On Hickling Broad the Whispering Reeds Boatyard boss John Tusting said there had been no reports of serious numbers of dead fish.

“I think that some anglers may well be cramming too many bream into their keep nets during hot, humid conditions and that certainly can cause mortalities,” he declared.

“However, I applaud the Environment Agency for taking this matter seriously and they are constantly on these Broads collecting water samples.”

Caister-on-Sea brothers Darren and Jason Stamp once again delivered spectacular catches of carp while fishing their favourite Taswood Lakes.

Jason reeled in the best of their nine fish over 20lbs - a 30lb 1oz mirror to which he added another of 21lb 13oz. Darren heaved out seven mirror, common and ghost carp between 21lb 7oz and 25lb 6oz to complete this excellent family fishing session, while another Caister enthusiast Alan Waldron's best carp scaled 20lb 2oz.

On the match circuit the Yarmouth Feedermaster Series third round was won by Nigel Knights (DAD) with an excellent bream catch of 40lb 5oz from his River Yare peg no 23, while at club level the results were Sportsman's (Decoy Broad): K Hodgkins 11lb 8oz, L Arnold 10lb 6oz, A Varley 8lb 8oz. Stalham (Little Melton): J Hehir 34lb 10oz, D Agass 27lb 12oz, D Paynter 19lb 4oz. Caister Ship (Barford): N Page 49lb 3oz, Michelle page 22lb 2oz, A Waldron 21lb 9oz. Sam Hook Sea League (Orford): C Whitelock (Martham) 6lb 1oz, K Morley (Kessingland) 5lb 6oz, T Thomas (Sheringham) 4lb 13oz.

Anglers fishing for the pot from local beaches report mixed results, with flatfish and small bass the main fare.

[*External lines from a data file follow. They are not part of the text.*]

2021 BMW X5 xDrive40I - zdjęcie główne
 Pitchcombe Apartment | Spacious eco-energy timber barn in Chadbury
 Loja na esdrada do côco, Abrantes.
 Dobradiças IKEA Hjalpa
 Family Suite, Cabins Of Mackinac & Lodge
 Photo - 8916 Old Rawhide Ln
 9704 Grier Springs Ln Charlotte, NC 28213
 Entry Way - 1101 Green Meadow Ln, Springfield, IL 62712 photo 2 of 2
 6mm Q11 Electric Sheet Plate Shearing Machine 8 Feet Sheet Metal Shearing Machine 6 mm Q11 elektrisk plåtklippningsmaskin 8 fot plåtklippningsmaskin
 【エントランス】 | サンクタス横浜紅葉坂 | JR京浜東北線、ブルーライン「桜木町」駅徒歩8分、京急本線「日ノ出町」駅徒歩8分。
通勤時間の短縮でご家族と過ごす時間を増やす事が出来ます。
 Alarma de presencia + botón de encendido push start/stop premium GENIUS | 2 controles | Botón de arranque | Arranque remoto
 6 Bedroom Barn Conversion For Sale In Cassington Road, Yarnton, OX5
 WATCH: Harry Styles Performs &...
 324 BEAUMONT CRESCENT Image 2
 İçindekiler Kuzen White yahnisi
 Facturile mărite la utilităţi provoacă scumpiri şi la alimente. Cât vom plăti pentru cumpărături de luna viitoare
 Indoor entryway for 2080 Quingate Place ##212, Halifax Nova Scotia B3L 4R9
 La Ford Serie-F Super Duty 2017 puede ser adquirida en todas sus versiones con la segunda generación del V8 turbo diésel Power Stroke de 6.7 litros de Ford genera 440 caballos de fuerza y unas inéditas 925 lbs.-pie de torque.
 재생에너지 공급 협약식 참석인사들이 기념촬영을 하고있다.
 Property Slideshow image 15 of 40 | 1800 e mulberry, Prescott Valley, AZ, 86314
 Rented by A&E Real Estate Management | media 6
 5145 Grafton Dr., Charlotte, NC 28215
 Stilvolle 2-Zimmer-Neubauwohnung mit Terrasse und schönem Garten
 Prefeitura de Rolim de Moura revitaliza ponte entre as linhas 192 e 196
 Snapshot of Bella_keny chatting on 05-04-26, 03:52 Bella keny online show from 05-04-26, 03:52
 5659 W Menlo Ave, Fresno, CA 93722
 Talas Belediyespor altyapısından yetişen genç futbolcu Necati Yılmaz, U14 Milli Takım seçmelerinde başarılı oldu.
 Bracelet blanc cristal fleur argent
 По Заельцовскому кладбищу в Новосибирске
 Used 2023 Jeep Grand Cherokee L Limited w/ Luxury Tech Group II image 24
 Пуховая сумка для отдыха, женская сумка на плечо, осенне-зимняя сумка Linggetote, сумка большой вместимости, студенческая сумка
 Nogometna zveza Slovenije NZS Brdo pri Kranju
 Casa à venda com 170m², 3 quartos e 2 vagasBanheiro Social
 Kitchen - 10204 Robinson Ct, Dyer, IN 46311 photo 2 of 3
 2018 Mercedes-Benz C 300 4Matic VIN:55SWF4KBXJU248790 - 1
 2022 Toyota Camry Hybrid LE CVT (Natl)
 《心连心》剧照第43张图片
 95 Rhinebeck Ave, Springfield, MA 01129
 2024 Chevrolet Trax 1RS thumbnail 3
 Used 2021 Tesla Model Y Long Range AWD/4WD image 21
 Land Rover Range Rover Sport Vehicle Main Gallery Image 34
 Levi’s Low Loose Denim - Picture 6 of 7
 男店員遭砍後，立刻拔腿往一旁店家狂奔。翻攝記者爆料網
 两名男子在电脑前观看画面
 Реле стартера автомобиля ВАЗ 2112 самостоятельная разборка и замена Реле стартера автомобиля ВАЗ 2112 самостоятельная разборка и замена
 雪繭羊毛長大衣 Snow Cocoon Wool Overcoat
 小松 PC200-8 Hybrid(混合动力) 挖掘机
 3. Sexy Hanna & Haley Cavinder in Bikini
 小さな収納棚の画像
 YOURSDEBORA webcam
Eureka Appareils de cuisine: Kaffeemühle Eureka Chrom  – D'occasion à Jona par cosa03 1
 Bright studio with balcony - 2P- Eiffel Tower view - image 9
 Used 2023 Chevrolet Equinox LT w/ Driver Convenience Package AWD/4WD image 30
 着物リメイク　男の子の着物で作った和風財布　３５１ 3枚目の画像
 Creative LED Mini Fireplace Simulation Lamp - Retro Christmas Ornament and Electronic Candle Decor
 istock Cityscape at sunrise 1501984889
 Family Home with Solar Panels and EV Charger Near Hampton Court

However an excellent stray cod of 10lb was reeled onto the Gorleston beach and another of 8lb was washed up by the heavy seas.

According to one report anglers fishing from a boat two miles off Gorleston were visited by a thresher shark that persisted in circling the boat for a considerable time.

However, threshers which are one of the five families of Alopiidae are considered harmless to man and are usually spotted in tropical and more temperate waters than the North Sea.

Its diet consists of squid and various shoal fish and the fact that one has visited the East Coast is perhaps another clear indication that the North Sea is steadily warming due to climate change creating conditions for tropical fish species.

This weekend brings the second round of the St Benets Summer League on the River Bure where the first leg produced a record catch of 117lb of bream.

Prospects for this Sunday's set-to are rated highly and again bream will be the fish in the nets of the leading anglers.